[Stored data]
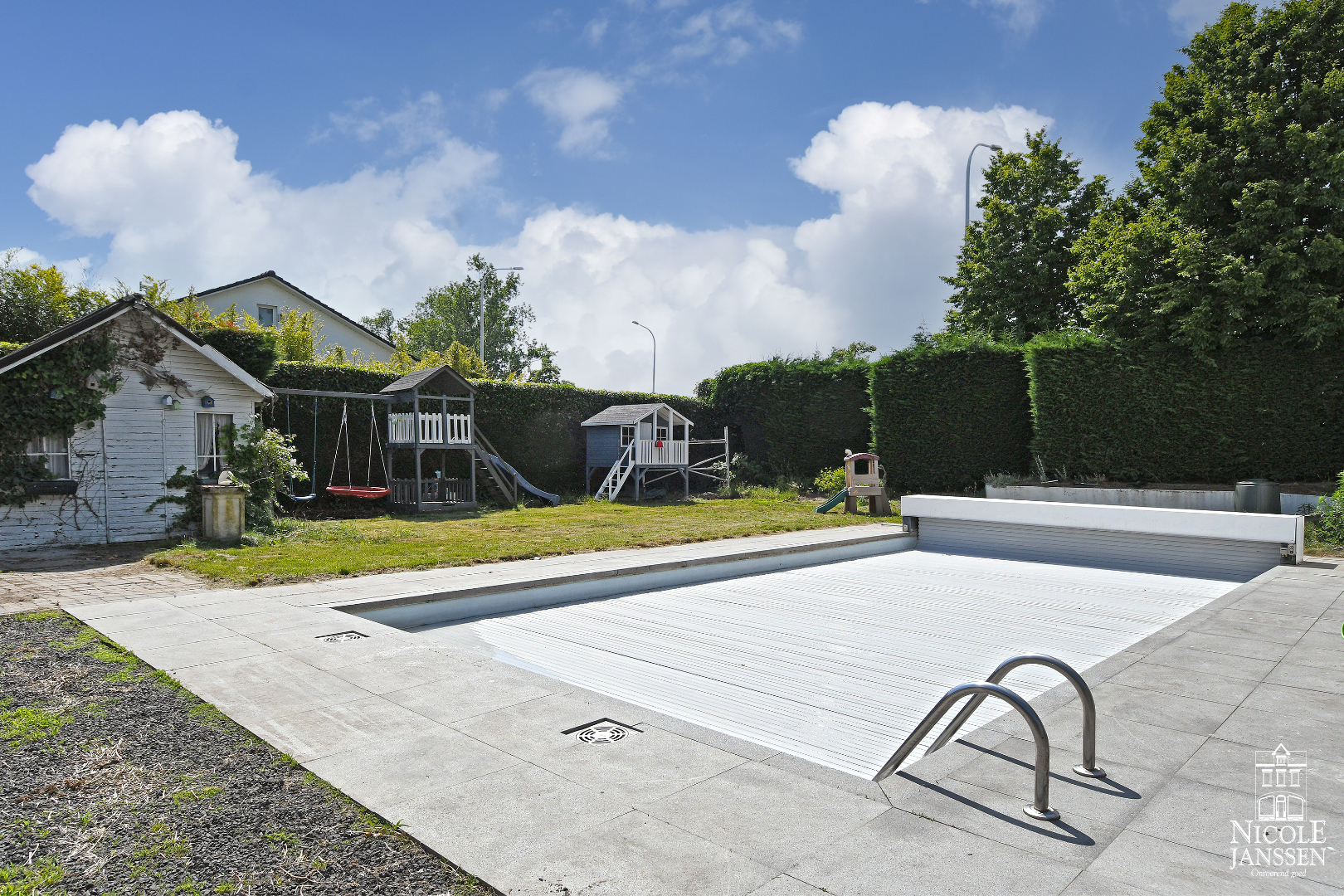 Charmante gezinswoning met vier slaapkamers en ingesloten tuin met zwembad 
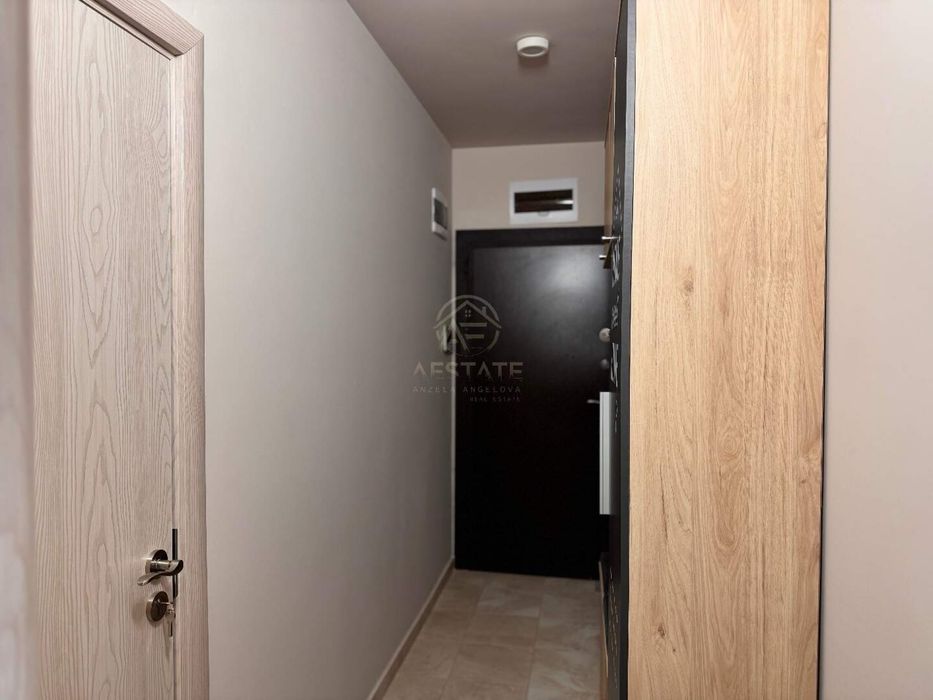 Продава се Тристаен апартамент в Плевен, Дружба 3 - 93 кв.м за 1484 €/кв.м - Снимка #11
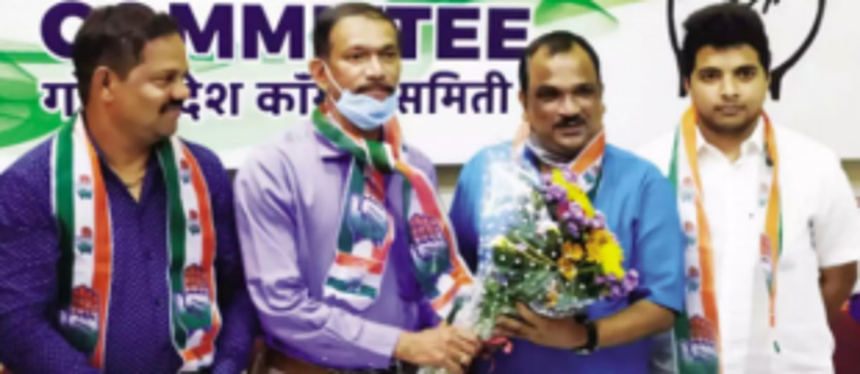 BJP ex-member joins Cong  along with supporters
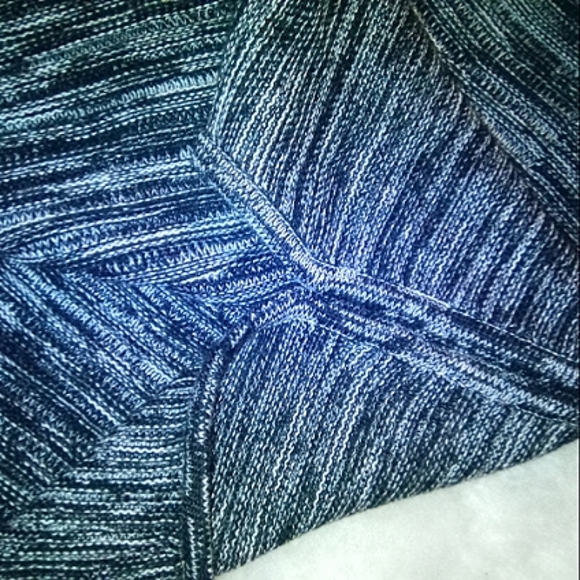 NWOT Ellen Tracy Women's V Neck Long Sleeve Black/Ivory Knit Contrast Sweater - Picture 5 of 8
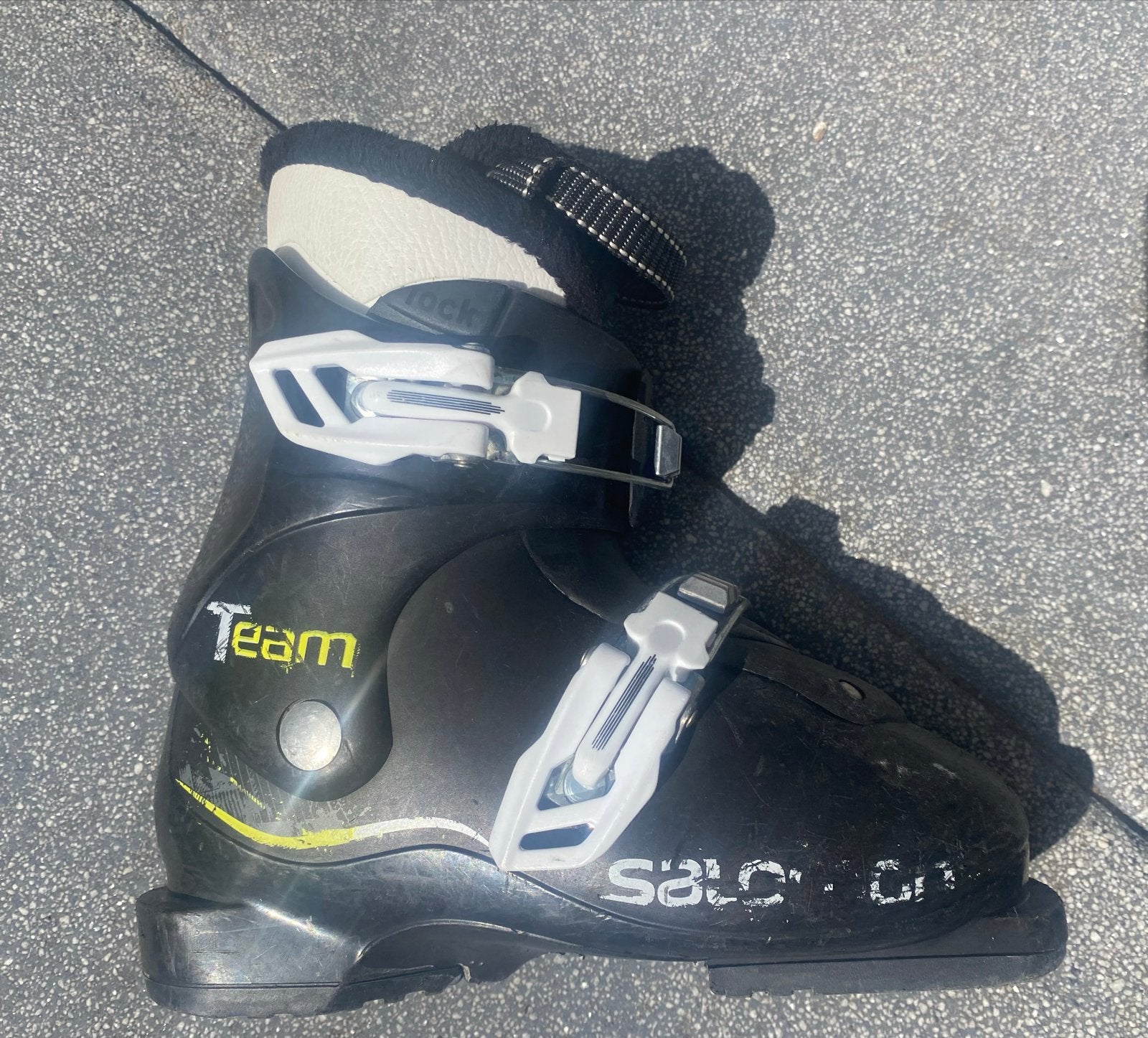 Salomon TEAM skischoenen voor kind,  maat 30 2/3-32, Gebruikt, 100 tot 140 cm, Schoenen, Skiën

[Aim of the task] Above are the records; print them all exactly and keep the pictures out.

[Solved exercise]
 Charmante gezinswoning met vier slaapkamers en ingesloten tuin met zwembad 
 Продава се Тристаен апартамент в Плевен, Дружба 3 - 93 кв.м за 1484 €/кв.м - Снимка #11
 BJP ex-member joins Cong  along with supporters
 NWOT Ellen Tracy Women's V Neck Long Sleeve Black/Ivory Knit Contrast Sweater - Picture 5 of 8
 Salomon TEAM skischoenen voor kind,  maat 30 2/3-32, Gebruikt, 100 tot 140 cm, Schoenen, Skiën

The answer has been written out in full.